With the number of videos grows tremendously, video understanding becomes a hot question and a challenging direction in computer vision. Temporal action detection (TAD) is thus one of the most crucial and challenging problems for video understanding in computer vision. It has wide use-cases in Social-media, Healthcare and  Film Industry.

For a long untrimmed video, temporal action localisation mainly solves two tasks which are recognition and localisation. Specifically,

  1. When does the action occur, that is the start time and the end time of the action
  2. What category does each proposal belong to (such as waving, climbing, or basketball-dunk).

Although both action recognition and action detection are important tasks of video understanding, temporal action detection is more challenging than action recognition. The difficulties mostly lies in:

  1. Temporal complexity
  2. Costly annotation
  3. Class imbalance
  4. Real-world generalisability.

This thesis is aimed in solving these aforementioned issues in a holistic fashion. To solve temporal complexity, we reformulate the inefficient proposal-based start/end regression problem into a more efficient proposal-free binary action mask prediction problem. This gives our model faster training and inference speed than the competitors.

In the second part of our thesis, we discover that existing TAD models suffers from localisation-error propagation issue due to the inherent two-stage (proposal prediction then classification) design. When trained with partial labels (e.g. semi-supervised setting) it worsens further thus leading to inferior performance. We solved this by proposing a novel single-stage design and a novel self-supervised pre-text task to utilize unlabeled videos.
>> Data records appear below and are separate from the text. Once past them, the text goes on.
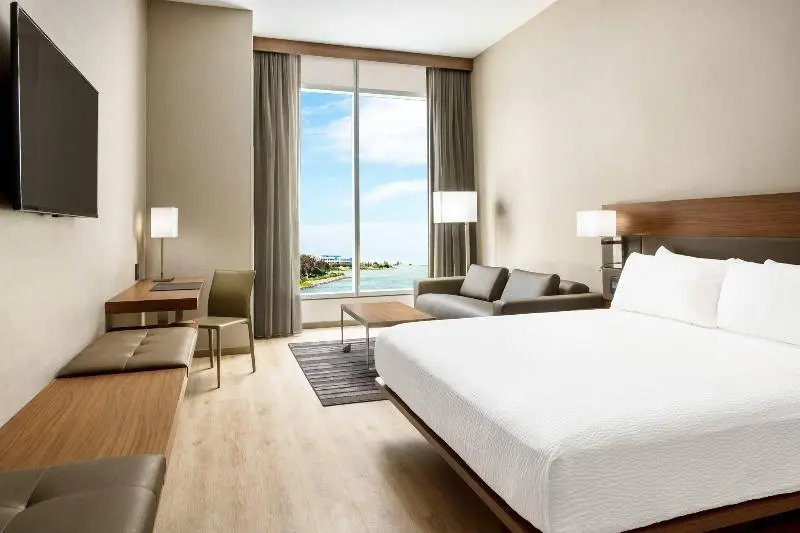 اتاق استاندارد با تخت بزرگ, Ac Hotel By Marriott San Francisco Airport/oyster Point Waterfront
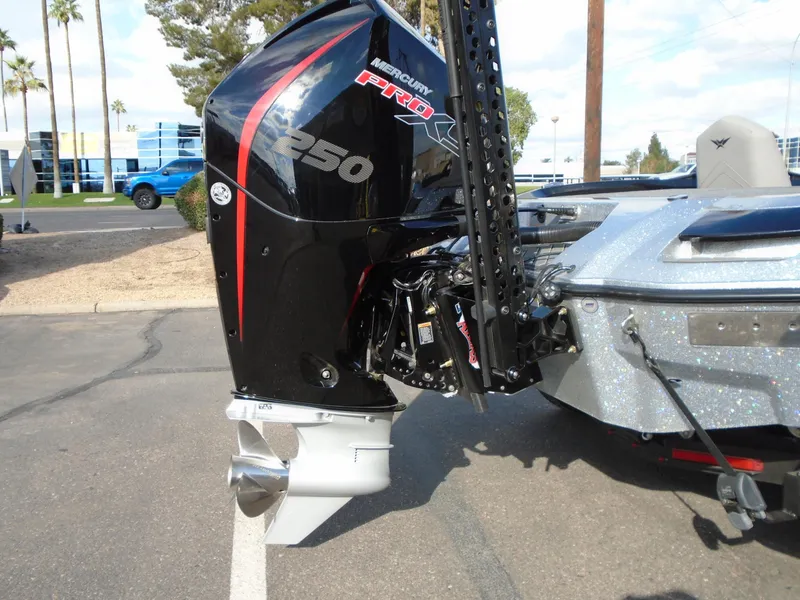 Slide: The Image of 2024 Vexus VX20 boat with Mercury Pro XS 250 outboard motor. - 19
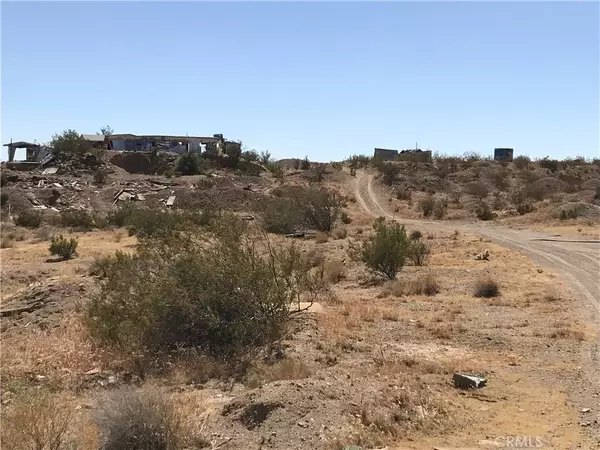 Randsburg, CA 91335,1 Butte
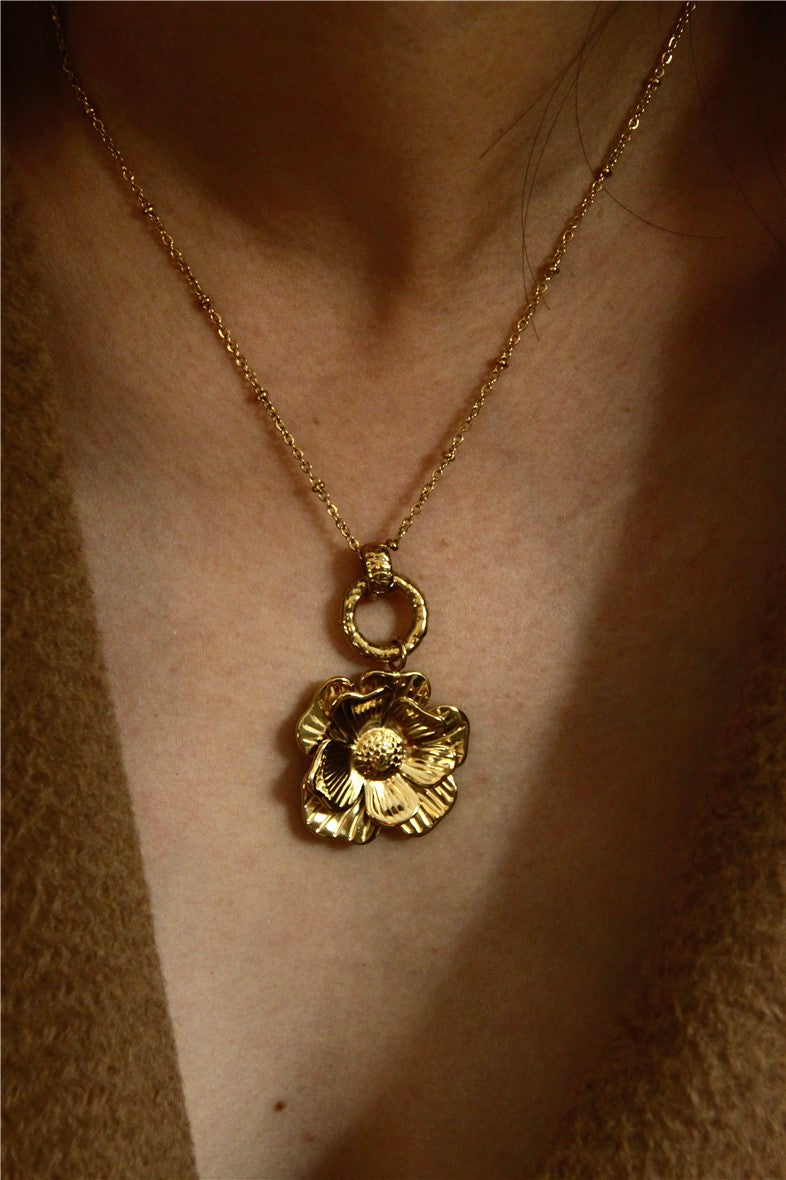 Flo necklace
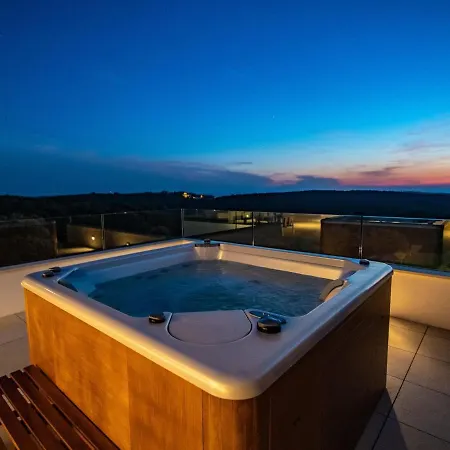 In With Pool Near Ruins Villa Pula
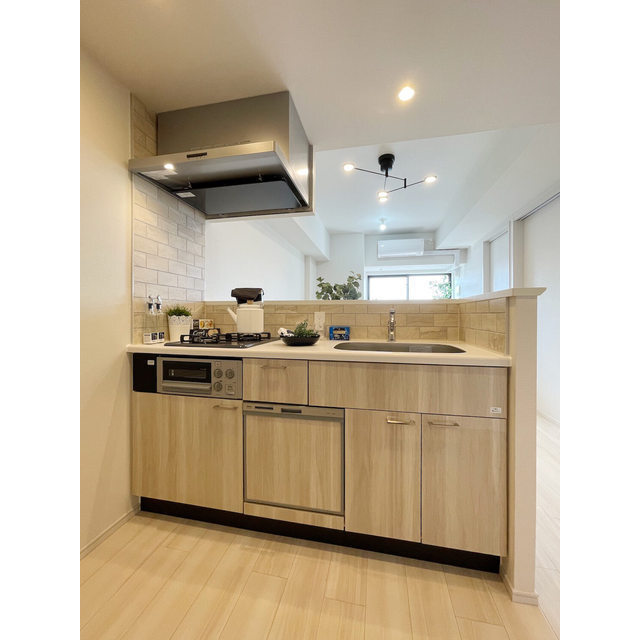 キッチン　家具・家電の備え付けはありません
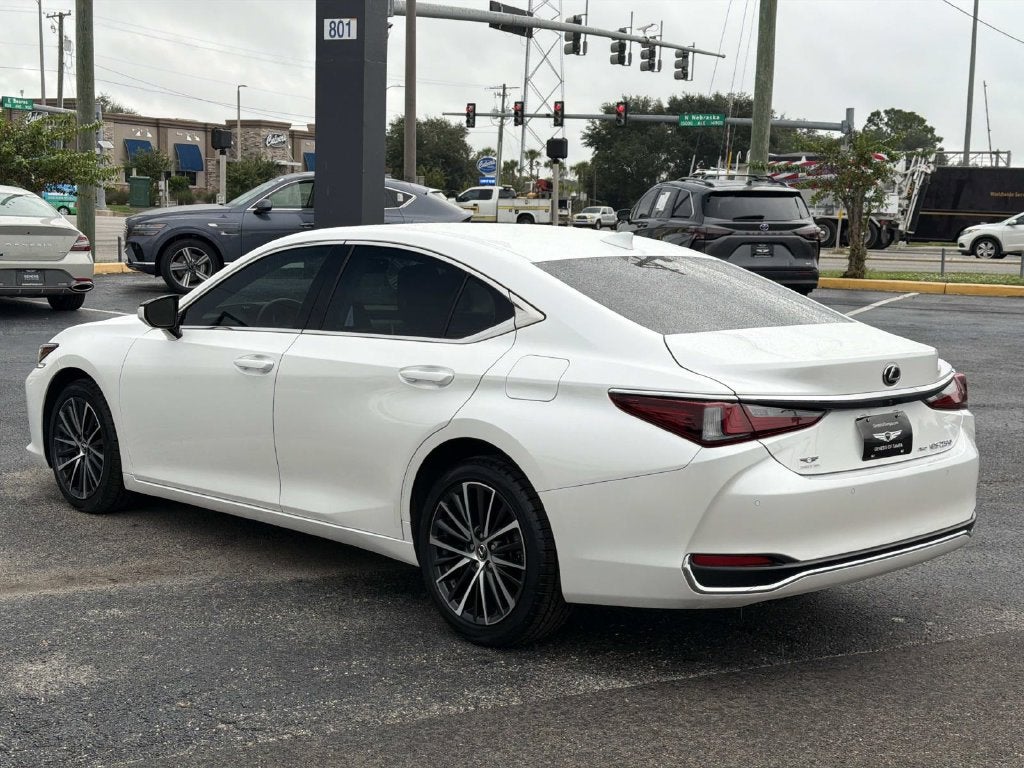 2024 Lexus ES 250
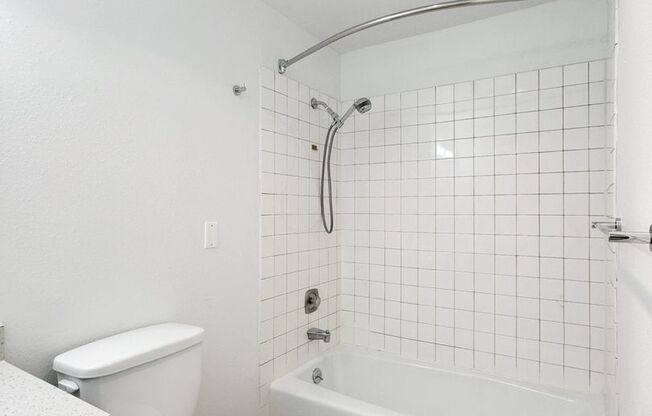 Studio, 1 bath, 480 sqft, $1,585, Unit 428
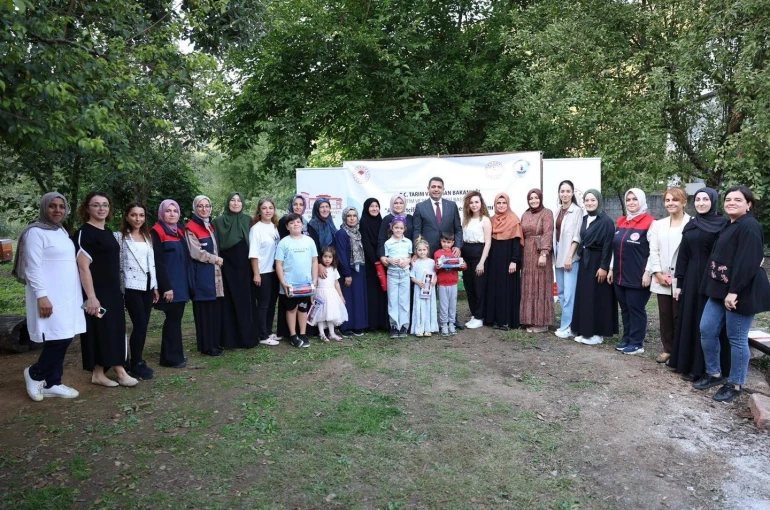 Ana dokunuşuyla arı sütü değerleniyor 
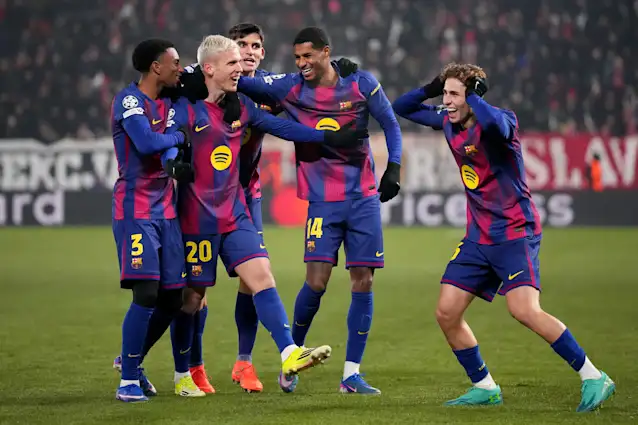 Barcelona’s youth moves and Olmo shines in Prague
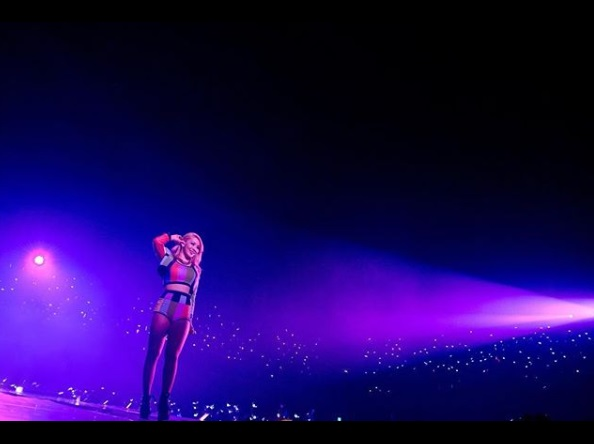 ThrowbacksCL's tweet photo. October 18, 2016: #CL via Instagram

['#throwback #AONtour'] https://t.co/fH7PzrQ6yx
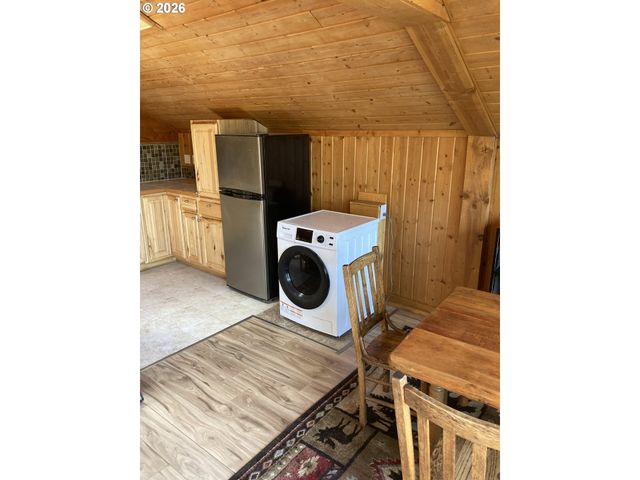 61082 FERGUSON Ct, Bend, OR 97702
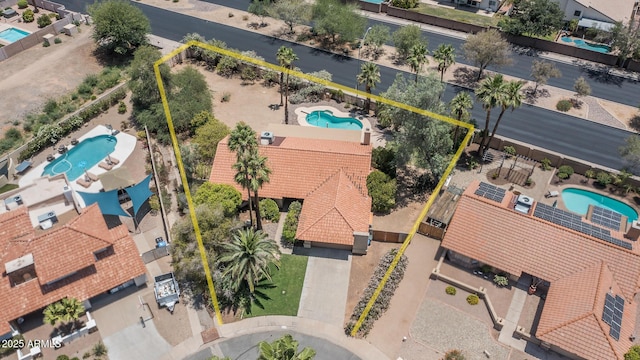 6101 E Beck Ln, Scottsdale, AZ 85254 - aerial overview of property's location with a pool area and property parcel outlined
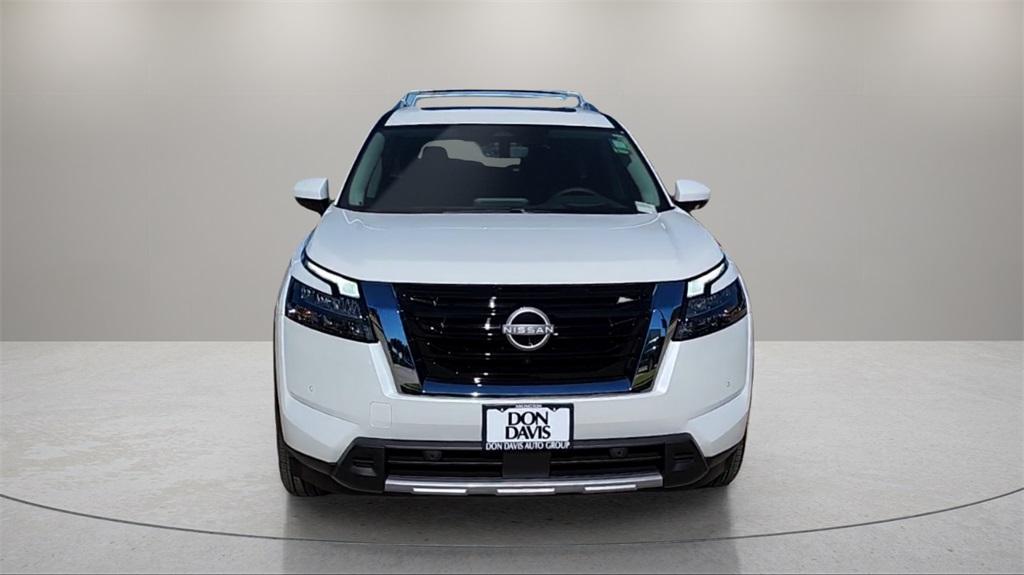 new 2025 Nissan Pathfinder car, priced at $47,696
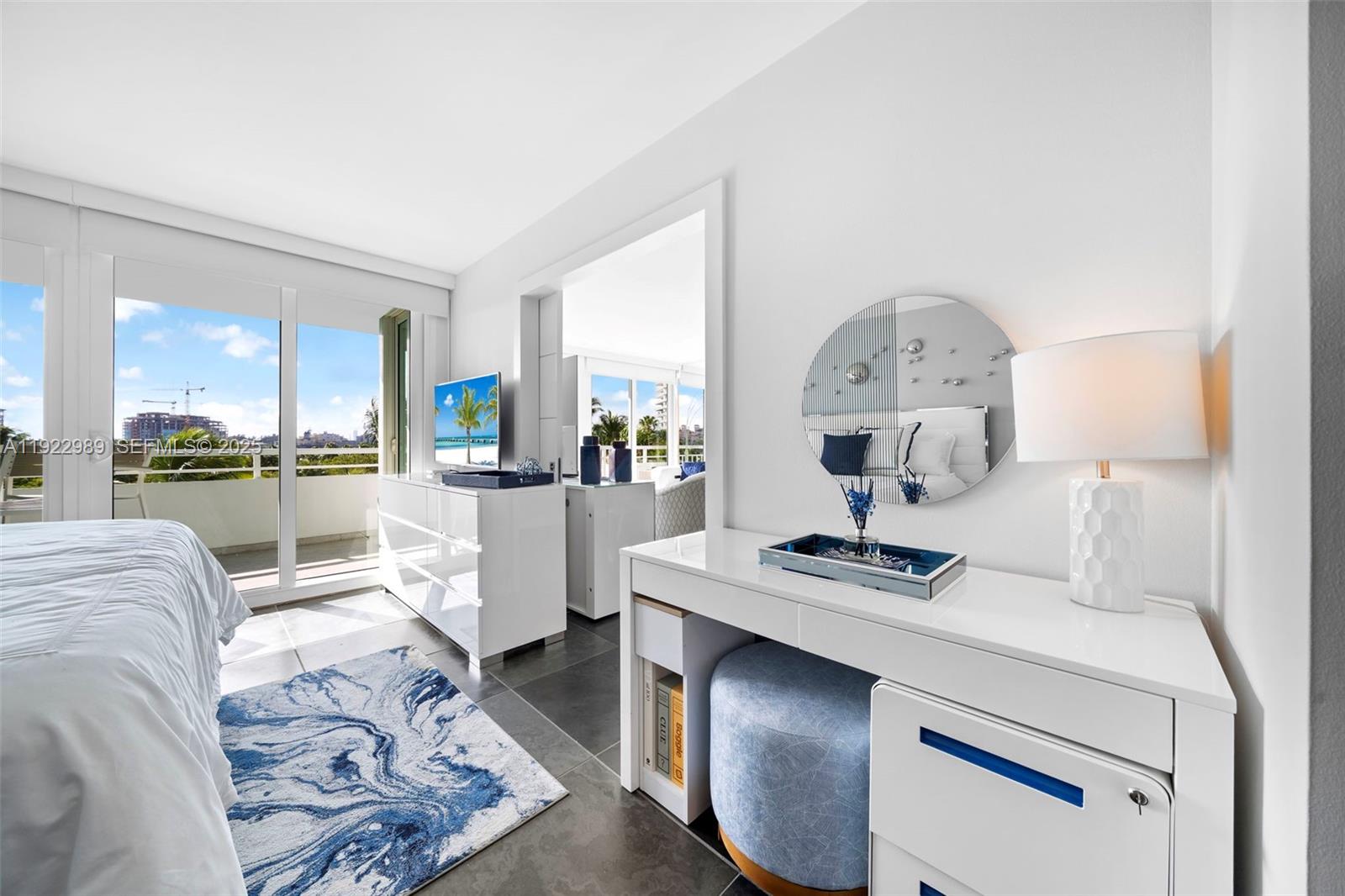 400 S Pointe Dr #401, Miami Beach FL 33139
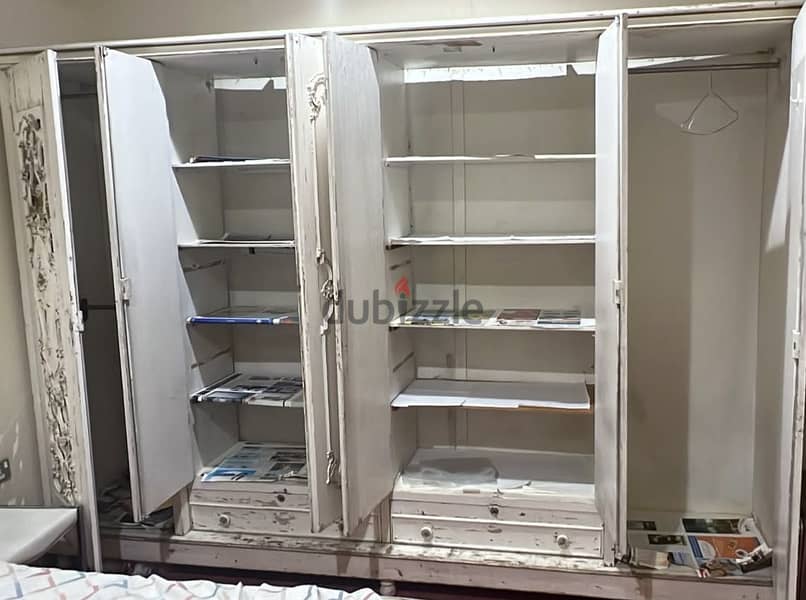 An Antique style wardrobe for free 1
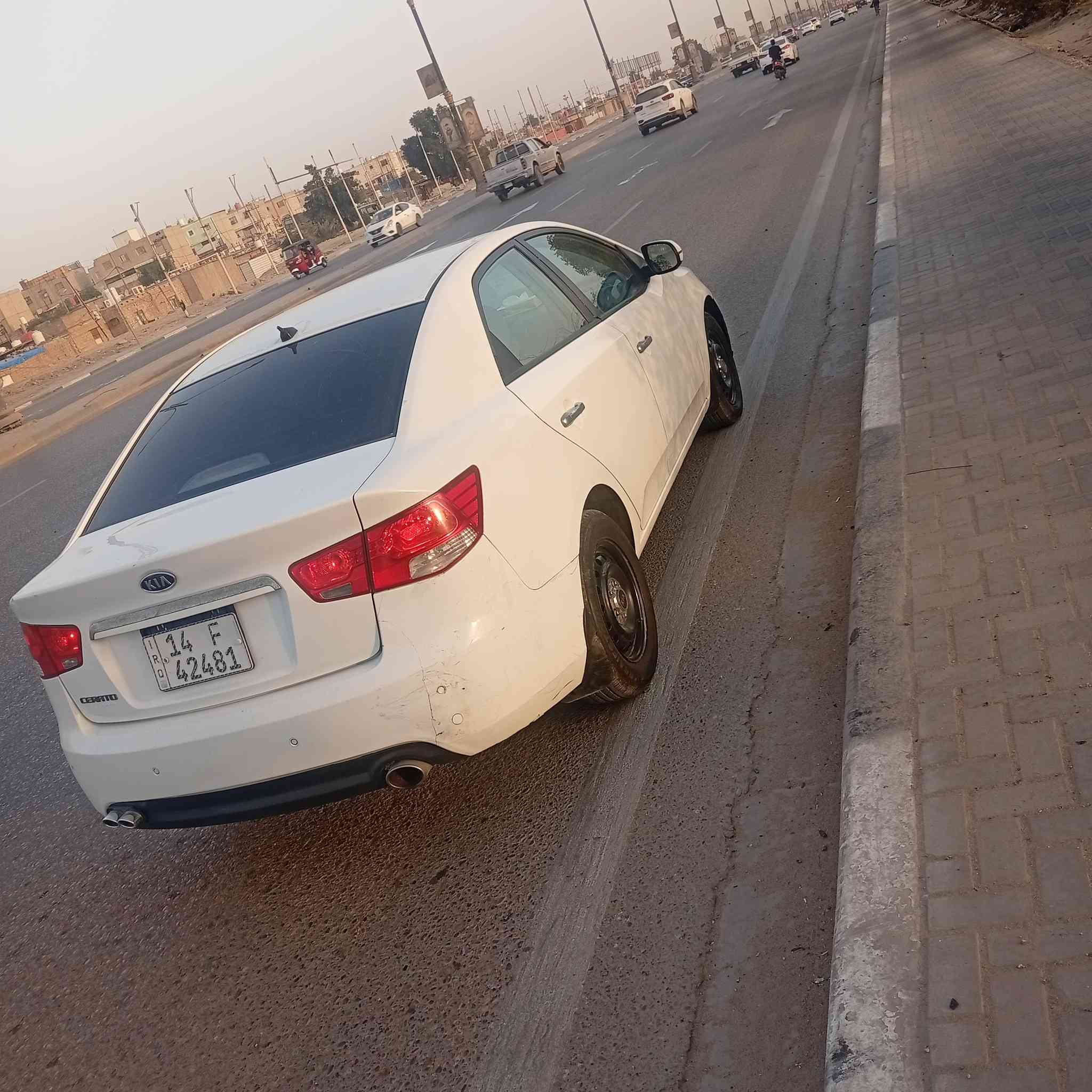 السلام عليكم كيا سيراتو للبيع موديل 2013 فول مواصفات ما عدا البصمه تبريد منظومه جديده تخم تاير جديد بيها بوارد قليل قطعه واحده صبغ والسونار موجود المنشور سعر 100 صاحب السياره يريد تحويل رقم بصره مكان السياره بصره رقم الهاتف ***********
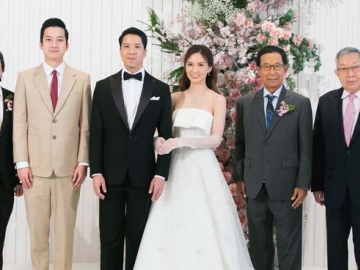 ให้หัวใจนำทาง : นุรักษ์ มาประณีต องคมนตรี, สุทธิเกียรติ จิราธิวัฒน์ ปธ.กก.โรงแรมและรีสอร์ทในเครือ
เซ็นทารา และ ธนาตรัยฉัตร ภูโชคอนันต์ ปธ.จนท.บห.บจก.อมาโด้ กรุ๊ป ร่วมเป็นประธานในพิธีฉลอง
มงคลสมรสระหว่าง อำไพรัตน์ เตชะภูวภัทร บุตรี ไพโรจน์- สมใจ เตชะภูวภัทร กับ ทัศน์ชัย พัฒนโกศัย
บุตร วิชิต พัฒนโกศัย โดยมีผู้เข้าร่วมอวยพรอย่างคับคั่ง ที่ โรงแรมเซ็นทารา แกรนด์ เซ็นทรัลเวิลด์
The third chapter focuses on TAD problem in even fewer data (e.g. few-shot setting). In such a scenario, it suffers from intra-class variance in the support set thus our solution lies in designs that mitigate this variance. We further showcase that incorporating multimodal data (e.g video and text) in the support set can solve this intra-class variance further.

Finally, in the last chapter, we focus on solving TAD when there is no annotation for the novel open-world videos (i.e zero-shot setting). We utilized the large-scale pretraining of vision-language models to compensate for the lack of training annotations. We also demonstrate that large-scale models are not directly applicable to dense-detection tasks like TAD.

Given the contributions above, this thesis proposes to solve the problem of TAD towards making it more practical and generalizable to real world. As we have shown a potential designs and methods to solve TAD problems in various data scarce and efficiency scenario, we suggest future work focuses on more general direction of generative modeling and also extending the algorithms to egocentric videos.